___ INFORMATION SUPPLIED

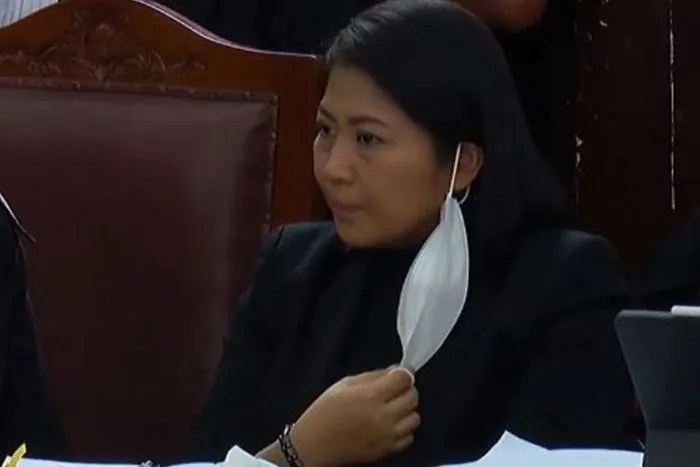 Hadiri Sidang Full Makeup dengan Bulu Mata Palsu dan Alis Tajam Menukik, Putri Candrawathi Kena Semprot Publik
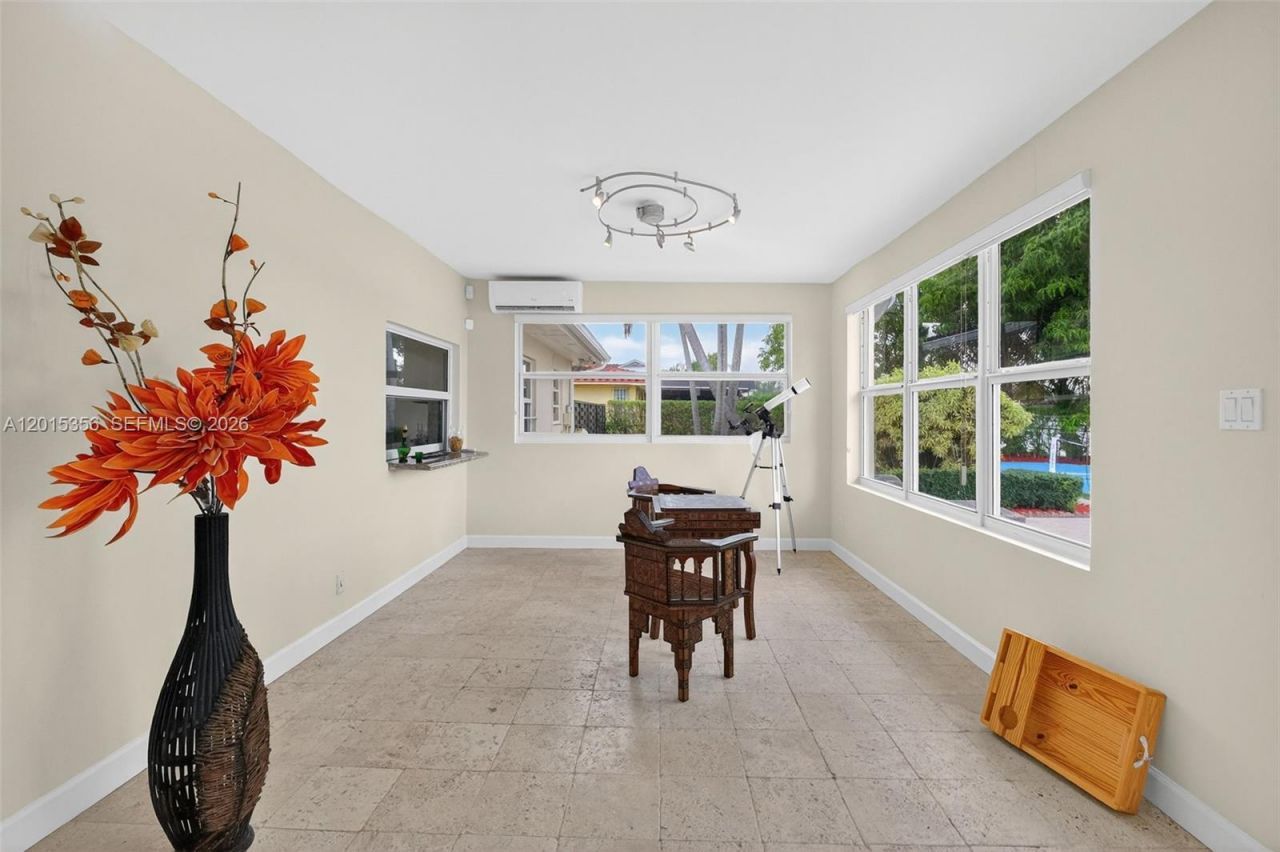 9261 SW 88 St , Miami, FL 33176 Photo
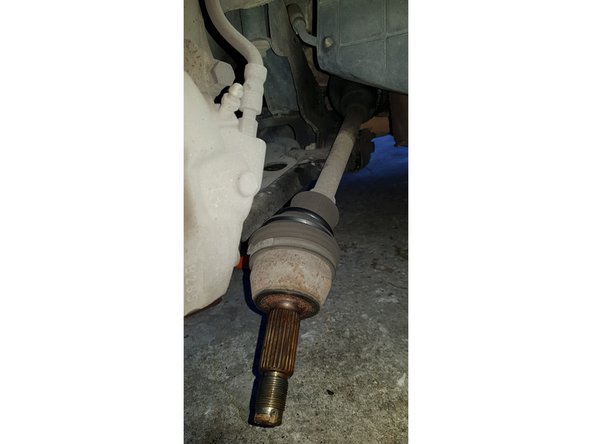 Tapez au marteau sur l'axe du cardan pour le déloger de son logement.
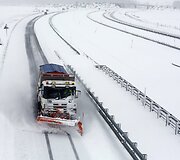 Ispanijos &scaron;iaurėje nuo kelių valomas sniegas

______

ACTIVITY ▸ Take every line of the material and copy it exactly, leaving out the pictures.

FINISHED EXERCISE ▸
 Hadiri Sidang Full Makeup dengan Bulu Mata Palsu dan Alis Tajam Menukik, Putri Candrawathi Kena Semprot Publik
 9261 SW 88 St , Miami, FL 33176 Photo
 Tapez au marteau sur l'axe du cardan pour le déloger de son logement.
 Ispanijos &scaron;iaurėje nuo kelių valomas sniegas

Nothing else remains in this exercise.